TIP102 Unit 5 Session 2 Standard (Click for link to problem statements)

Problem Highlights

• 💡 Difficulty: Easy
• ⏰ Time to complete: 5-10 mins
• 🛠️ Topics: Linked Lists, Insertion

1: U-nderstand

Understand what the interviewer is asking for by using test cases and questions about the problem.

• Established a set (2-3) of test cases to verify their own solution later.
• Established a set (1-2) of edge cases to verify their solution handles complexities.
• Have fully understood the problem and have no clarifying questions.
• Have you verified any Time/Space Constraints for this problem?

• What happens if the linked list contains only one element?
  • The new node will become the second element, with the single initial element remaining the head.

HAPPY CASE
Input: head = Node("banana") -> Node("blue shell") -> Node("bullet bill"), val = "red shell"
Output: Node("banana") -> Node("red shell") -> Node("blue shell") -> Node("bullet bill")
Explanation: The node with value "red shell" is correctly inserted as the second node.

EDGE CASE
Input: head = Node("banana"), val = "red shell"
Output: Node("banana") -> Node("red shell")
Explanation: The new node is inserted as the second element after the single existing node.

2: M-atch

Match what this problem looks like to known categories of problems, e.g. Linked List or Dynamic Programming, and strategies or patterns in those categories.
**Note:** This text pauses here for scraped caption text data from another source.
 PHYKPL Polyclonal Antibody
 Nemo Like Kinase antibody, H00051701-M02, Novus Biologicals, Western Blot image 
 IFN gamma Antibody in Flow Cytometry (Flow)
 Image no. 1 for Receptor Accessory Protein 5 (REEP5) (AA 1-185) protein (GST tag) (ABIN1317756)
For Linked List problems, we want to consider the following approaches:

• Insertion of nodes in a linked list
• Updating pointers to maintain the correct sequence

3: P-lan

Plan the solution with appropriate visualizations and pseudocode.

General Idea: Insert a new node after the head of the linked list by updating the next pointers of the relevant nodes.
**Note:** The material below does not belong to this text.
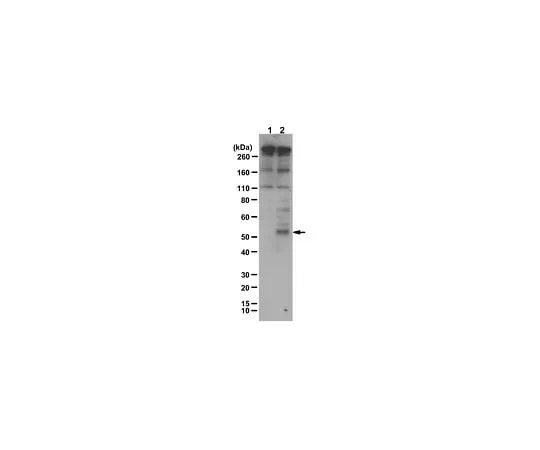 62-8468-61 Anti-Stra8 Antibody ABN1656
1) Create a new node with the given value `val`.
2) Set the `next` pointer of the new node to point to the node that was originally the second node (i.e., the node after the head).
3) Update the `next` pointer of the head to point to the new node.
4) Return the head of the linked list.

⚠️ Common Mistakes

• Forgetting to handle the case where the list contains only one node, leading to incorrect pointer assignments.
• Not correctly updating the next pointers, causing incorrect list sequences.

4: I-mplement

Implement the code to solve the algorithm.

def add_second(head, val):
    # Create the new node that needs to be added
    new_node = Node(val)
    
    # Insert the new node as the second node
    new_node.next = head.next
    head.next = new_node
    
    # Return the unchanged head of the list
    return head

5: R-eview

Review the code by running specific example(s) and recording values (watchlist) of your code's variables along the way.

• Verify the order of nodes after insertion to ensure the linked list is correctly updated.

Example:

head = Node("banana")
head.next = Node("blue shell")
head.next.next = Node("bullet bill")

new_head = add_second(head, "red shell")
print_linked_list(new_head)
# Expected Output: "banana -> red shell -> blue shell -> bullet bill"

6: E-valuate

Evaluate the performance of your algorithm and state any strong/weak or future potential work.

• Time Complexity: O(1) for the insertion operation since we are directly updating the pointers.
• Space Complexity: O(1) because we are only adding one new node.